___ Information shown

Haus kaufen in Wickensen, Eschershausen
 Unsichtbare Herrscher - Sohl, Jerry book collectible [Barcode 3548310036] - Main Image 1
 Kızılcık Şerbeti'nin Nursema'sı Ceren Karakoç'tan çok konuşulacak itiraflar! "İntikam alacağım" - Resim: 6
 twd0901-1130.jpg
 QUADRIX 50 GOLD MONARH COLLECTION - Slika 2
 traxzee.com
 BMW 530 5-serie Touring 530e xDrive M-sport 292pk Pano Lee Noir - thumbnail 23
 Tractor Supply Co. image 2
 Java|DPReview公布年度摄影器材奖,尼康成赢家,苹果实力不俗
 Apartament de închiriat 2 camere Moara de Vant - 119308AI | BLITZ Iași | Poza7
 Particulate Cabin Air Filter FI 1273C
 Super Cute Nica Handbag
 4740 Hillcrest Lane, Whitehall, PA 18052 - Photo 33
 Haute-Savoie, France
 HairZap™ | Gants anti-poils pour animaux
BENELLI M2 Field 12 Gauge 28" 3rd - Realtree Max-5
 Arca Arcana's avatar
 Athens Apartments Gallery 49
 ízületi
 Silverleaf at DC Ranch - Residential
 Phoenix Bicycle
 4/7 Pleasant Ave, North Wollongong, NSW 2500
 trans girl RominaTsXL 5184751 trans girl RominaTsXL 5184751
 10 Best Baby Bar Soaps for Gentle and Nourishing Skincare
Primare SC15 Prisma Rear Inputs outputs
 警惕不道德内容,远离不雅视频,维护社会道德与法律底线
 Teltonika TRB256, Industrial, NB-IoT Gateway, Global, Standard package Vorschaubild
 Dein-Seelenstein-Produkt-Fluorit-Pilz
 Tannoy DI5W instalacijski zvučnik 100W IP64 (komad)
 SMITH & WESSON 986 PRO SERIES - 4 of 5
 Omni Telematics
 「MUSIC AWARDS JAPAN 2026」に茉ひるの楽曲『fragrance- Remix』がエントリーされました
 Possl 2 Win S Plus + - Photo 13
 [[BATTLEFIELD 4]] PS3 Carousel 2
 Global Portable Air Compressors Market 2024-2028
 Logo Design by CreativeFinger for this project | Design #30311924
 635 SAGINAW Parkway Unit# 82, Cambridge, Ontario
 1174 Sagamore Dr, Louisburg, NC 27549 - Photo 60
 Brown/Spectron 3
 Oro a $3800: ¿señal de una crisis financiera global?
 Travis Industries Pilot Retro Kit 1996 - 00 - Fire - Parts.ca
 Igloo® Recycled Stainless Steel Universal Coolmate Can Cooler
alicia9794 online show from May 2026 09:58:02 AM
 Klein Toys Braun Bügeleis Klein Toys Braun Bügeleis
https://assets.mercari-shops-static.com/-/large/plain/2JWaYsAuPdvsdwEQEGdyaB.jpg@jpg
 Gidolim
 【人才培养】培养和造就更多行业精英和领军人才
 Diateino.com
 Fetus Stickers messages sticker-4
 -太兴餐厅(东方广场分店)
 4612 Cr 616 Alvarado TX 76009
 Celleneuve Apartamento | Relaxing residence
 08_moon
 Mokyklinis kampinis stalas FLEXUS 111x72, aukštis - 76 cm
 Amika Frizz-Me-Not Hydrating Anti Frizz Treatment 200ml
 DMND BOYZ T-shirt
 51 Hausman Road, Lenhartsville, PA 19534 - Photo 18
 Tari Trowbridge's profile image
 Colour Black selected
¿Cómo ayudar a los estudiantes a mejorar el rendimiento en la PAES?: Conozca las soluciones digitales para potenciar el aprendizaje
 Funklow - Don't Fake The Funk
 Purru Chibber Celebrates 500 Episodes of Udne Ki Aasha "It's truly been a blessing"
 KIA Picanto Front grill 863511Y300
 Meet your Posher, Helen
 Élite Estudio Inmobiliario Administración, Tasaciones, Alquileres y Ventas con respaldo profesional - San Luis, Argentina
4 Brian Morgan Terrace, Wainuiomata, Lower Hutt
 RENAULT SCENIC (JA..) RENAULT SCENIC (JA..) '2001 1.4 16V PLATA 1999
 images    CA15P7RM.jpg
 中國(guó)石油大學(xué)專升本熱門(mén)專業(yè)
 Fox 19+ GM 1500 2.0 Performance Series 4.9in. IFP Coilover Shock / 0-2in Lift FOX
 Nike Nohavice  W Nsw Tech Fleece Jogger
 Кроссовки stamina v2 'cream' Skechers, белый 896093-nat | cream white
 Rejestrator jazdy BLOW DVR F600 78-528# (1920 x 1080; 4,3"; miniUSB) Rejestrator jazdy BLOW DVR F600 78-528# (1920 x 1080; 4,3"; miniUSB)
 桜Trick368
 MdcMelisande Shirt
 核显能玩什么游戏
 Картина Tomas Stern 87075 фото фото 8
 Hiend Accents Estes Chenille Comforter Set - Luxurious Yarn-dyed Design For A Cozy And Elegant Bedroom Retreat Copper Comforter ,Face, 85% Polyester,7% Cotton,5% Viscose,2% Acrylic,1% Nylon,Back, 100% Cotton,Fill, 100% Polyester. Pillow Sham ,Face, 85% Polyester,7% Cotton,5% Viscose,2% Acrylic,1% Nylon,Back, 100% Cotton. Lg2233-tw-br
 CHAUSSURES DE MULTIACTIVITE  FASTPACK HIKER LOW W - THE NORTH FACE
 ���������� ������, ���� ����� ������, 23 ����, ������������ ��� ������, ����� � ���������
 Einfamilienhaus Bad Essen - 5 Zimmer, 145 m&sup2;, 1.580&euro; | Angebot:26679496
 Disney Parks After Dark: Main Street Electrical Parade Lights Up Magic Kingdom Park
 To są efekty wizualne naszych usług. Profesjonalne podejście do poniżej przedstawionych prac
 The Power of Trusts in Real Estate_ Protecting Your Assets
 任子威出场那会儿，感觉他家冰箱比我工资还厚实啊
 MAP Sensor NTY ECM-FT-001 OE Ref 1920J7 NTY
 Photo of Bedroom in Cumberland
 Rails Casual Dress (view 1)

______

What you are asked to do: Look through the records for the word "Design". Every line that has it should be copied.

Problem solution:
 Logo Design by CreativeFinger for this project | Design #30311924
 Hiend Accents Estes Chenille Comforter Set - Luxurious Yarn-dyed Design For A Cozy And Elegant Bedroom Retreat Copper Comforter ,Face, 85% Polyester,7% Cotton,5% Viscose,2% Acrylic,1% Nylon,Back, 100% Cotton,Fill, 100% Polyester. Pillow Sham ,Face, 85% Polyester,7% Cotton,5% Viscose,2% Acrylic,1% Nylon,Back, 100% Cotton. Lg2233-tw-br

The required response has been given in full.